TASK OBJECTIVE:
Return only what lies between the first line of the entries and the line containing "Delightful Neon Noodle", both lines included.

(Dataset excerpts)
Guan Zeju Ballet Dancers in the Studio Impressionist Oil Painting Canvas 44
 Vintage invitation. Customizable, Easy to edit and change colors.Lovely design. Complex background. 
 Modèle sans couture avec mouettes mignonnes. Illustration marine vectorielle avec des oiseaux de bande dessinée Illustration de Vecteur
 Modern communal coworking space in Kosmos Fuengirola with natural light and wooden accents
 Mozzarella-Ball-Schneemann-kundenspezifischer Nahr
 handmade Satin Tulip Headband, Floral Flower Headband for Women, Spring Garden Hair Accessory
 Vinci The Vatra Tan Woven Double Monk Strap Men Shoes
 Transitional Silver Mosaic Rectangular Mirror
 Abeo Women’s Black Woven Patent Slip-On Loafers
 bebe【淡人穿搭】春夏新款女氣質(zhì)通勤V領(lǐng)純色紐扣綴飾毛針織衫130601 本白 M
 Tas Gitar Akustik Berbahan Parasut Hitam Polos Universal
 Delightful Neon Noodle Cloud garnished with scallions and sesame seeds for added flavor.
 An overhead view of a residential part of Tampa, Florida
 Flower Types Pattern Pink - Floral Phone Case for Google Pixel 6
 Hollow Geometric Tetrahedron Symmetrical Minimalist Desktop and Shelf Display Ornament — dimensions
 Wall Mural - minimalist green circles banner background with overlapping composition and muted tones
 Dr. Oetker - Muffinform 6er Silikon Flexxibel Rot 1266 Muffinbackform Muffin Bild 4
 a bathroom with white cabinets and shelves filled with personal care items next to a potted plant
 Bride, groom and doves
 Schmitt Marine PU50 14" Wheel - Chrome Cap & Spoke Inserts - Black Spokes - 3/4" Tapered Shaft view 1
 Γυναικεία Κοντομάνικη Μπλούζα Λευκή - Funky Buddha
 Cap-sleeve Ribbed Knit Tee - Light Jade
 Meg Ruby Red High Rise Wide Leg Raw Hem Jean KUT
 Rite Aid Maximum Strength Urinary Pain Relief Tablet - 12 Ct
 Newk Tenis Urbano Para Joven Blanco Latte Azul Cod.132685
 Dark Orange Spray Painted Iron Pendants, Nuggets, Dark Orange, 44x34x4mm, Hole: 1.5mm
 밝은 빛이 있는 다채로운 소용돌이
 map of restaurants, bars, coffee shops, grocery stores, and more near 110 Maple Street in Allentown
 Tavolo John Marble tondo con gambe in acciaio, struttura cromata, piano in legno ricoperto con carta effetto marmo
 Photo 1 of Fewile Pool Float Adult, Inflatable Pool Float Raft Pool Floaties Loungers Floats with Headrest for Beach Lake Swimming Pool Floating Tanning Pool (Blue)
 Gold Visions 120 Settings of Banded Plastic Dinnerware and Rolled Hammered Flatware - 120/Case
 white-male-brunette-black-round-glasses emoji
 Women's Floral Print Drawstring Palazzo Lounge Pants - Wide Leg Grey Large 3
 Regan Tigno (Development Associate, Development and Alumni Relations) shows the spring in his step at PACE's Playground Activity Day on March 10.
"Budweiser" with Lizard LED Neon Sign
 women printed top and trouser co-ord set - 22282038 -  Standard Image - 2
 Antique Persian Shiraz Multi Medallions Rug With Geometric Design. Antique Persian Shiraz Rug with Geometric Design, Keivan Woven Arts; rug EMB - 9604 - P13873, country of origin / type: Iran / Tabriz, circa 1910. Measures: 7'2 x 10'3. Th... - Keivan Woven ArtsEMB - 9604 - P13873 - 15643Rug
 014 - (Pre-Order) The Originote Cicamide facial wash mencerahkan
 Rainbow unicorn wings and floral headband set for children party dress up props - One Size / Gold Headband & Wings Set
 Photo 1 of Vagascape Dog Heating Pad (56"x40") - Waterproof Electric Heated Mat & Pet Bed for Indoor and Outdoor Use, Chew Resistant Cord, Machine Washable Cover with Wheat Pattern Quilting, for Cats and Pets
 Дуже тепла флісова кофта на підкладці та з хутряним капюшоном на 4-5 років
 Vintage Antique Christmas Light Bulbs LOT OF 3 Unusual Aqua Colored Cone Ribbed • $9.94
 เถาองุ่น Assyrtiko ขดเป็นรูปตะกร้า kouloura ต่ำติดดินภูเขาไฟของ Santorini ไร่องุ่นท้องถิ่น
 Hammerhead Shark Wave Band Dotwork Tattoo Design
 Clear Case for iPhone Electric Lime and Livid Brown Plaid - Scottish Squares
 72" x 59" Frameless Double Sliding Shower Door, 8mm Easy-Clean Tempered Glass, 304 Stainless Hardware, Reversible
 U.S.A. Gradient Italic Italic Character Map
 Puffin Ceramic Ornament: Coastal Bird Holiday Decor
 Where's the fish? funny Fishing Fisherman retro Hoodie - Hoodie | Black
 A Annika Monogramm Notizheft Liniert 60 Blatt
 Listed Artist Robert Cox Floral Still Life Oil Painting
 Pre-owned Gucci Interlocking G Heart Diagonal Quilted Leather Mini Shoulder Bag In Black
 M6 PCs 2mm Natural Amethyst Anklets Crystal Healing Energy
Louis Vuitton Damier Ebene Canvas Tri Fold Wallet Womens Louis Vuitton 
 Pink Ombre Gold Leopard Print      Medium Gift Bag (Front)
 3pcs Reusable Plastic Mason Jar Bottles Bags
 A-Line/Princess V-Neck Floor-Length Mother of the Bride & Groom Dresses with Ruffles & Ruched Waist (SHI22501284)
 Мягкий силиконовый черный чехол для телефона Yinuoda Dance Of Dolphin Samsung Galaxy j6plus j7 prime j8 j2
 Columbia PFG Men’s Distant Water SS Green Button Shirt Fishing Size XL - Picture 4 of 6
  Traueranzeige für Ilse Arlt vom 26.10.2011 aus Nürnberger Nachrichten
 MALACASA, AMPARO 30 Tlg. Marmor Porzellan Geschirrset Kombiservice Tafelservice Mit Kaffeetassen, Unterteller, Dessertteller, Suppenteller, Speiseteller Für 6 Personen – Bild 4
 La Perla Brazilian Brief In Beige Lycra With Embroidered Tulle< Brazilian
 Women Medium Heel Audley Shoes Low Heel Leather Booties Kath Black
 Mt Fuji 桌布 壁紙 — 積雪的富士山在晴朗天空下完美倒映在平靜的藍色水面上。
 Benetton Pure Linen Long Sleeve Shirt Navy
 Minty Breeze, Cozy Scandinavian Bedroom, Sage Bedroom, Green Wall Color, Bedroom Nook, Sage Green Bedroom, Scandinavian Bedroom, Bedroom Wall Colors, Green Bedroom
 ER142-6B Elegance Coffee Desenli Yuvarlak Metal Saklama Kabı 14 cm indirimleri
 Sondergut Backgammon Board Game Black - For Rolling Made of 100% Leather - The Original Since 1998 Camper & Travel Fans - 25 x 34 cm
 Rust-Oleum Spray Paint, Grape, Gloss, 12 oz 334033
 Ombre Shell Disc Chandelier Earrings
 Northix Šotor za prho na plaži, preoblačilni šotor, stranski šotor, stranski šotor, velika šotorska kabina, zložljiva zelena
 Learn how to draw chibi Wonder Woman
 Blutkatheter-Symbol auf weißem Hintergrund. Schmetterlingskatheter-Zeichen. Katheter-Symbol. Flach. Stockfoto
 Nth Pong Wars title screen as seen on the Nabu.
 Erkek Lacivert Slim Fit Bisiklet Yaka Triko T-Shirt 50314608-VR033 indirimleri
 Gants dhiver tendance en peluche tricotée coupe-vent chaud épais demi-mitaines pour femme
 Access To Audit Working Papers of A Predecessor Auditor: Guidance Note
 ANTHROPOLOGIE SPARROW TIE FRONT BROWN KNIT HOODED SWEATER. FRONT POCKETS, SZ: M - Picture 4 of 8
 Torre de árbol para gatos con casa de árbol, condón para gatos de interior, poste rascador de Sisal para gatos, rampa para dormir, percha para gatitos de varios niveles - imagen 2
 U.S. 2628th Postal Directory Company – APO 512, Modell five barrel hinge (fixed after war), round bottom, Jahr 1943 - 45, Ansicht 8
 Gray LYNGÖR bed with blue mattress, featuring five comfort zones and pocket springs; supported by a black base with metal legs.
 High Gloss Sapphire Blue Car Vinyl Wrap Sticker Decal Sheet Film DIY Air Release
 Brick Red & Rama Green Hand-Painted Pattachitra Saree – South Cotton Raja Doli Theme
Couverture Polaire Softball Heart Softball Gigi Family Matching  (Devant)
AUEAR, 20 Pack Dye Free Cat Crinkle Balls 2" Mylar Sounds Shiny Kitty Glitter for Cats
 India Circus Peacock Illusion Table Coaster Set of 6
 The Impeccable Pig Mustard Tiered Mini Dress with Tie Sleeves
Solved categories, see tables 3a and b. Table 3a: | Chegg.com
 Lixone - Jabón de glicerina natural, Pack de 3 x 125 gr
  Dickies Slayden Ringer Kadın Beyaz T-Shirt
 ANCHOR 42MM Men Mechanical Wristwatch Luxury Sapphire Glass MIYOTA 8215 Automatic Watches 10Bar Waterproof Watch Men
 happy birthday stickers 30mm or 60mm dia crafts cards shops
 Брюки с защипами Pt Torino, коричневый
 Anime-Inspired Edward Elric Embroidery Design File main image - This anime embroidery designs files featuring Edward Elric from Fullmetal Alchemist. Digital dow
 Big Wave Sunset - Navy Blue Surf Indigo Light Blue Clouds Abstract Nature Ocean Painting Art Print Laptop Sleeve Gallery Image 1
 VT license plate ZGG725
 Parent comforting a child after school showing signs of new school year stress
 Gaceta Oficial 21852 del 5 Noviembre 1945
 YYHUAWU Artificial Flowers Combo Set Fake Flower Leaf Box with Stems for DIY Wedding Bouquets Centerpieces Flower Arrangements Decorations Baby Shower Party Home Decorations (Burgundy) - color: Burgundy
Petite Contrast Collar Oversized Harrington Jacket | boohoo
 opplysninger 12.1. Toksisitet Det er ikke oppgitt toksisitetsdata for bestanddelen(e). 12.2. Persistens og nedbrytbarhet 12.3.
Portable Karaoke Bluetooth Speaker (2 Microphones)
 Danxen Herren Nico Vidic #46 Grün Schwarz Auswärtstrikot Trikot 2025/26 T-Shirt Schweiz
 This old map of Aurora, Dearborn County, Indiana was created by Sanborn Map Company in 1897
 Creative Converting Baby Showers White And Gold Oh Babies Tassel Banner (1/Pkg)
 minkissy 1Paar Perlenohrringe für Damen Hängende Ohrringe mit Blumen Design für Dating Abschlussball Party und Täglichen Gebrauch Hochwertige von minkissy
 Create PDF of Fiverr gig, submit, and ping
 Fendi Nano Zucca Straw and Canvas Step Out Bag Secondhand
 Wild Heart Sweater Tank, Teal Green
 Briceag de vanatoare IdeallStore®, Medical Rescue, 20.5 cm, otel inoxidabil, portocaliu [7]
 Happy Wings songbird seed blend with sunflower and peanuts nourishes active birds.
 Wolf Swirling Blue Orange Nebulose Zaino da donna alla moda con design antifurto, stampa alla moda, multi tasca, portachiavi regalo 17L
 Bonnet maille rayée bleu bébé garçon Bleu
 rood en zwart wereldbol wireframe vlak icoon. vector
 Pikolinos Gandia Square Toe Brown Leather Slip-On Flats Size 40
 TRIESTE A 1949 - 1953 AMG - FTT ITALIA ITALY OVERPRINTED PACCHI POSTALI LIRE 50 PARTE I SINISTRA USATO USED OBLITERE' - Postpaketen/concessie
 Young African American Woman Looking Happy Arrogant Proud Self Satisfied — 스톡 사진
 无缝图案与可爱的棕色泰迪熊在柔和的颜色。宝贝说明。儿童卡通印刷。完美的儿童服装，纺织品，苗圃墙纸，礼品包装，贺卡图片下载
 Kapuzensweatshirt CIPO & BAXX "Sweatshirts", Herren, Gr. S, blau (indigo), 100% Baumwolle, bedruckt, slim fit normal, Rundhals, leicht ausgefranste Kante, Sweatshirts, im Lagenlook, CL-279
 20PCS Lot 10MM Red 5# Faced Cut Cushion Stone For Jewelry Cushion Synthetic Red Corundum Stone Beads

REPLY:
Guan Zeju Ballet Dancers in the Studio Impressionist Oil Painting Canvas 44
 Vintage invitation. Customizable, Easy to edit and change colors.Lovely design. Complex background. 
 Modèle sans couture avec mouettes mignonnes. Illustration marine vectorielle avec des oiseaux de bande dessinée Illustration de Vecteur
 Modern communal coworking space in Kosmos Fuengirola with natural light and wooden accents
 Mozzarella-Ball-Schneemann-kundenspezifischer Nahr
 handmade Satin Tulip Headband, Floral Flower Headband for Women, Spring Garden Hair Accessory
 Vinci The Vatra Tan Woven Double Monk Strap Men Shoes
 Transitional Silver Mosaic Rectangular Mirror
 Abeo Women’s Black Woven Patent Slip-On Loafers
 bebe【淡人穿搭】春夏新款女氣質(zhì)通勤V領(lǐng)純色紐扣綴飾毛針織衫130601 本白 M
 Tas Gitar Akustik Berbahan Parasut Hitam Polos Universal
 Delightful Neon Noodle Cloud garnished with scallions and sesame seeds for added flavor.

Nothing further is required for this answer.